HIV status was documented for both children in 164 of 192 twin deliveries from 1984 to 2004. Neither child was infected in 90.2% (148) of cases, twin A only was infected in 7.3% (12), twin B only in 1.2% (2), and both were infected in 1.2% (2). The risk of transmission to twins A and B were correlated (P = 0.04, exact test), with a low level of agreement (Kappa coefficient, 0.19). The transmission rate for twin A was threefold that for twin B (8.5% versus 2.4%; MacNemar χ2 test, P = 0.008). For the two twin deliveries in which twin B was stillborn, twin A was infected in one case and uninfected in the other.

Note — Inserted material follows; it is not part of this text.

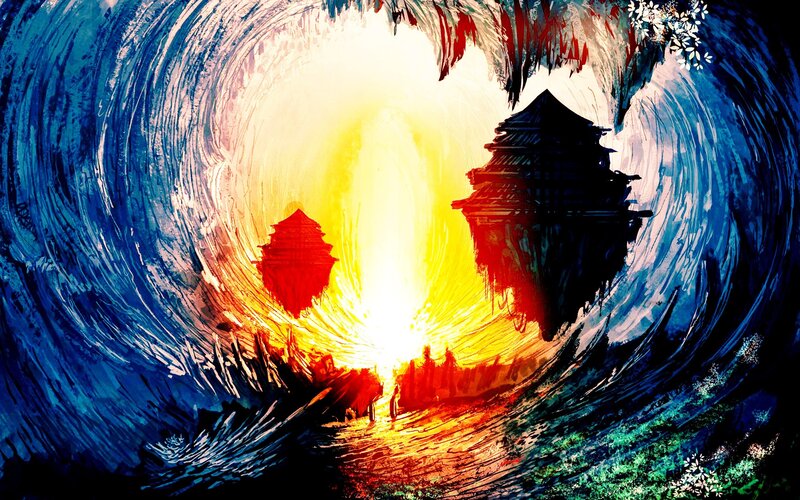 Floating Temples in Storm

The timing of transmission was considered to be intrapartum in twin A for four of the five cases in which an HIV PCR or culture at birth was available, and was in utero in twin B for three of the four cases. Of note, both cases in which twin B, but not twin A, was infected, involved in utero transmission. Although zygocity was unknown in nearly one half of cases, presumably in dichorionic pregnancies with same sex, there was only one case of discordant transmission (to the first twin) in a monochorionic pregnancy.

When compared with the MTCT rate in singleton pregnancies (6.2%, 503/8127), HIV transmission occurred in 16 of 164 twin pregnancies, considered as the unit of observation (9.8%, P = 0.06), 15 of 166 first twins (9.0%, P = 0.13), and 19 of the total of 330 twins (5.8%, P = 0.60).

The MTCT rate sharply decreased over time, with a significant interaction between multiple pregnancies and the three treatment periods (P < 0.001). The MTCT rate in twin pregnancies (34.4%, 11/32) was twice that in than in singleton pregnancies (17.4%, 336/1929) in the period before 1994 (P = 0.01), as well as in the period between 1994 and 1996 [19.1% (4/21) in twins versus 6.7% (78/1148) in singletons; P = 0.05]. In the period since 1997, the rate was similarly low in both groups [0.9% (1/111) in twin pregnancies versus 1.8% (89/5050) in singletons; P = 1.0]. Similar trends were observed for the transmission to twin A or when restricting the analysis to the last pregnancy for each woman enrolled in the cohort. The only case of transmission after 1997 concerned a mother who started prenatal care in the third trimester of the pregnancy, began HAART at 36 weeks, and delivered by emergency Caesarean section at 38 weeks with an HIV-1 RNA concentration of 8115 copies/ml.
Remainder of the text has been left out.